Early Sunday evening, Terence Blanchard brought his new E-Collective to the Big Top.  This group has been compared to Miles’ Bitches Brew group, and there’s a similar sound world at work here.  Blanchard, an exhaustive jazz educator, has often got young players into his groups, and in E-collective he has Fabian Almazan on keyboards, and the virtuosic Charles Altura on guitar, the line-up is completed by Oscar Seaton from Sheffield on drums and Donald Ramsey on bass guitar.  Blanchard has always had an activism in his music – he composed the magnificent sound track to Spike Lee’s When the Levees Broke – and the music here was from Blanchard’s most recent Breathless album;  music inspired by the ‘I Can’t Breathe’ campaign. The rhythm is sometimes on the funky side of jazz, but Blanchard is incapable of mediocrity and the intensity of both playing and composition made this one of the standout sessions of the festival.

British jazz has always had a strong presence at Love Supreme.  The great Partisans brought their driving, John Schofield influenced jazz-funk to the Big Top on Saturday.  Manchester’s Gogo Penguin, newly ennobled – well, signed to Blue Note – were as brilliant as we’ve come to expect;  the  bowed bass under which the drums shuffle and pound, and over which pianist Chris Illingworth repeats his churning figures. Get The Blessing range from haunting, elegant simplicities to a kind of power quartet akin to Trio VD. The Big Top was filled to overflowing for Bill Laurance who played music from his two solo albums.  There is an elegiac, film-music quality to Laurence’s compositions , and the big chords and the swelling  movement of the pieces was beautifully played to an enthusiastic crowd by Laurance, his rhythm section, and a string trio with French horn.

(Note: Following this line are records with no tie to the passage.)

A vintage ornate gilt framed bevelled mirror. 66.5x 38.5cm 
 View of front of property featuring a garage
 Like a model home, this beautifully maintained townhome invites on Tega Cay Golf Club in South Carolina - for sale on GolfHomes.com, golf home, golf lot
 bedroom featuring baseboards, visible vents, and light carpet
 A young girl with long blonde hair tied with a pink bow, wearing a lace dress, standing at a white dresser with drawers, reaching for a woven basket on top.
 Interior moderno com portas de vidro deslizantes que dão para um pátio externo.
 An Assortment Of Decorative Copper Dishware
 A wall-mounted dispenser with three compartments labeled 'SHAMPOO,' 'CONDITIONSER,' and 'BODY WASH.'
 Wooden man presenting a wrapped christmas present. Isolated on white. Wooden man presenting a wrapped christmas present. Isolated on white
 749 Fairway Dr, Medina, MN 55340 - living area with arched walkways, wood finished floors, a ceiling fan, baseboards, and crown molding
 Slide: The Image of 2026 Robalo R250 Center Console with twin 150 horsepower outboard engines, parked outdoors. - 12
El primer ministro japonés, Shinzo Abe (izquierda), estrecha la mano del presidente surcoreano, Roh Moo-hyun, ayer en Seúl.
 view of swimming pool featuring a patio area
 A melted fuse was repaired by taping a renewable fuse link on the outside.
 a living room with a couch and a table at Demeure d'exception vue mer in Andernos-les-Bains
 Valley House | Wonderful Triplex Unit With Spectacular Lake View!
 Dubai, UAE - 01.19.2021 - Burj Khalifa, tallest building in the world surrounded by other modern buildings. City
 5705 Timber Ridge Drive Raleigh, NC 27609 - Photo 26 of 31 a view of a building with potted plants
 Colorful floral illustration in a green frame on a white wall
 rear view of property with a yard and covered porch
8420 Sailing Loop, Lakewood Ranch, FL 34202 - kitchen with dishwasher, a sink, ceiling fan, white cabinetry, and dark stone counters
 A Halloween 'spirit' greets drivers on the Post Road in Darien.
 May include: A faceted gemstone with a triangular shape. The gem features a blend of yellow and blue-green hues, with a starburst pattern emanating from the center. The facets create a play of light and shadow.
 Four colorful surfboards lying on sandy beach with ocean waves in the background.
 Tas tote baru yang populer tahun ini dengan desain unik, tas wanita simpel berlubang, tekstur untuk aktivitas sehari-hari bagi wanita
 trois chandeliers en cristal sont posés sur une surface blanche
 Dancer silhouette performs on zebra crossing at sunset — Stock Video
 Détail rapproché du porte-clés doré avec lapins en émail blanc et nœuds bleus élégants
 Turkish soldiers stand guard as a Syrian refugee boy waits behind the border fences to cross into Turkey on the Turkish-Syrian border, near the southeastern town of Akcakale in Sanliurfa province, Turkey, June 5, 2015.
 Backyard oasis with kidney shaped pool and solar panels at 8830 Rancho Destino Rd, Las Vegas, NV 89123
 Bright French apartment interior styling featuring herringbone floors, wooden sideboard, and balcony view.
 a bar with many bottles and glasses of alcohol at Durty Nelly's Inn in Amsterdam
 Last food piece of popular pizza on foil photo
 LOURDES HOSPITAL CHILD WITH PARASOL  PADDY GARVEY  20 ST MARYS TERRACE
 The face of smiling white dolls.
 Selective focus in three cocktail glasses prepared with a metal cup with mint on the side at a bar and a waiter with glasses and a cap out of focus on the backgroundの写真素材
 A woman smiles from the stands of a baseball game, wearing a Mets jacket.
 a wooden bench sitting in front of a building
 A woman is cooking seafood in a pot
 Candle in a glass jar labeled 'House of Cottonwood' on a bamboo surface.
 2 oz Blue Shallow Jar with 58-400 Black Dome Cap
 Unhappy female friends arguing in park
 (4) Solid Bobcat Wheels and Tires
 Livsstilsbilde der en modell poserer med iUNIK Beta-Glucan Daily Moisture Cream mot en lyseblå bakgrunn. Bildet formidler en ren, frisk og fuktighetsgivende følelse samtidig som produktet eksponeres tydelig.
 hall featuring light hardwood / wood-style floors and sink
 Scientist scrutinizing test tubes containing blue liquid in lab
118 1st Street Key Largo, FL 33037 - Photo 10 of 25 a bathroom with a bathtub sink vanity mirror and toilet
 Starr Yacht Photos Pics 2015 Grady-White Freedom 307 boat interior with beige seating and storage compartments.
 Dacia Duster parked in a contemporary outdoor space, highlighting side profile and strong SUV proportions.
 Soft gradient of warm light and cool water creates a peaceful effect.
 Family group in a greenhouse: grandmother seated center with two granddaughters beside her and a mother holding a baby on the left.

Old-school soul came to Love Supreme via Diane Reeves, Candi Staton, Lisa Stansfield and a brilliant, barn-storming set from Chaka Khan who headlined Saturday night.

Special mention must go to Haitus Kaiyote on the main stage on Sunday afternoon.  Singer Nai Palm and the group play a closely composed, almost costive R & B, in which guitar, keys, bass and drums play small, beautifully integrated sections.  They rarely stretch out and what solos there are, are few and far between.  The overall effect, however, is both controlled and very funky. Nai Palm has a voice which is fragile and powerful at the same time, and the lyrics run through the compositions filling almost every corner.

But this review must finish by writing about Hugh Masekela who brought proceedings to an end in the Big Top.  He’s 76, apparently, and if the years have slightly dented his wonderful playing, his showmanship and ability to engage a crowd have only increased in power.  This power was shown most forcibly in his own introduction to the famous ‘Freedom Train’ which brought silence to the Big Top and reduced a number of the audience to tears. And he graced us by finishing his set with his great hit ‘Grazing in the Grass’.  If Masekela has re-oriented his music to a funkier, more mainstream kind, in front of an audience he is still a very great performer indeed.